* [MATERIAL PROVIDED]
----------

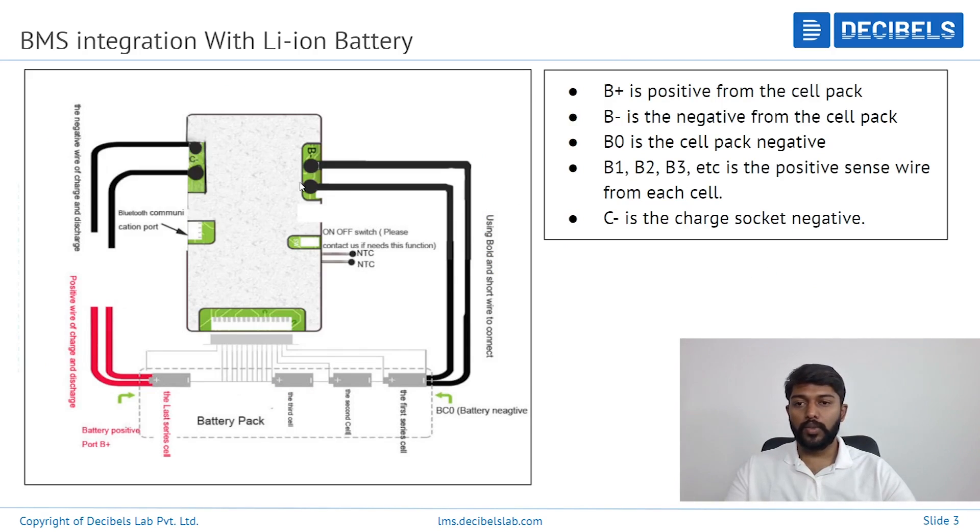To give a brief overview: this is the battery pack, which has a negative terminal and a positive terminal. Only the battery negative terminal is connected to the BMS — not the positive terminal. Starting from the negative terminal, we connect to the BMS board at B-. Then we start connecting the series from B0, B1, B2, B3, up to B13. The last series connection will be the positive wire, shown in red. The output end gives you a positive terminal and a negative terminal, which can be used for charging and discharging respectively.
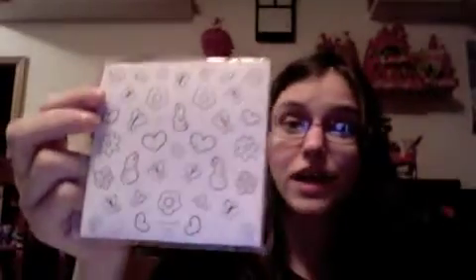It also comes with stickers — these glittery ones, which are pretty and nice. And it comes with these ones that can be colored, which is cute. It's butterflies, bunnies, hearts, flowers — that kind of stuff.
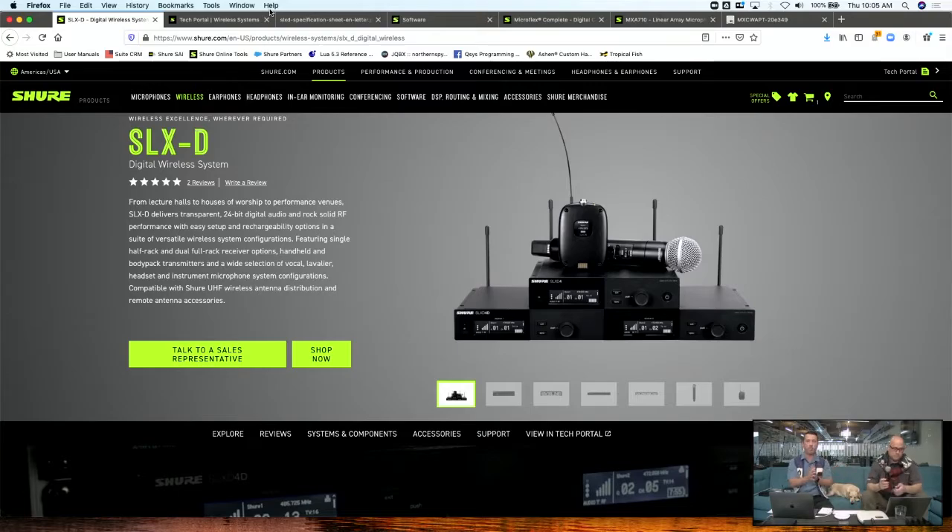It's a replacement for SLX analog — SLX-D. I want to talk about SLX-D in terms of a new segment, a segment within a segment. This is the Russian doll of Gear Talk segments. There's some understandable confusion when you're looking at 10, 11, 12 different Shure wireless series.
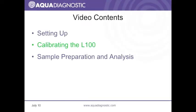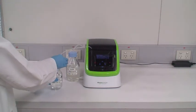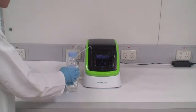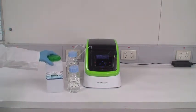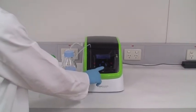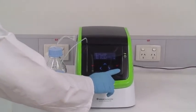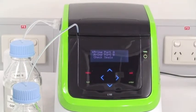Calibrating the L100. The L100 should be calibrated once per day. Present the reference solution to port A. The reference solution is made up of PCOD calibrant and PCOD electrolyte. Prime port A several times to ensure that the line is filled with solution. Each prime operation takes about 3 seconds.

----------

* [REQUIRED ACTION]
Each line above should be written out again unchanged; no images are to be carried over.

* [ANSWER AREA]
To give a brief overview: this is the battery pack, which has a negative terminal and a positive terminal. Only the battery negative terminal is connected to the BMS — not the positive terminal. Starting from the negative terminal, we connect to the BMS board at B-. Then we start connecting the series from B0, B1, B2, B3, up to B13. The last series connection will be the positive wire, shown in red. The output end gives you a positive terminal and a negative terminal, which can be used for charging and discharging respectively.
It also comes with stickers — these glittery ones, which are pretty and nice. And it comes with these ones that can be colored, which is cute. It's butterflies, bunnies, hearts, flowers — that kind of stuff.
It's a replacement for SLX analog — SLX-D. I want to talk about SLX-D in terms of a new segment, a segment within a segment. This is the Russian doll of Gear Talk segments. There's some understandable confusion when you're looking at 10, 11, 12 different Shure wireless series.
Calibrating the L100. The L100 should be calibrated once per day. Present the reference solution to port A. The reference solution is made up of PCOD calibrant and PCOD electrolyte. Prime port A several times to ensure that the line is filled with solution. Each prime operation takes about 3 seconds.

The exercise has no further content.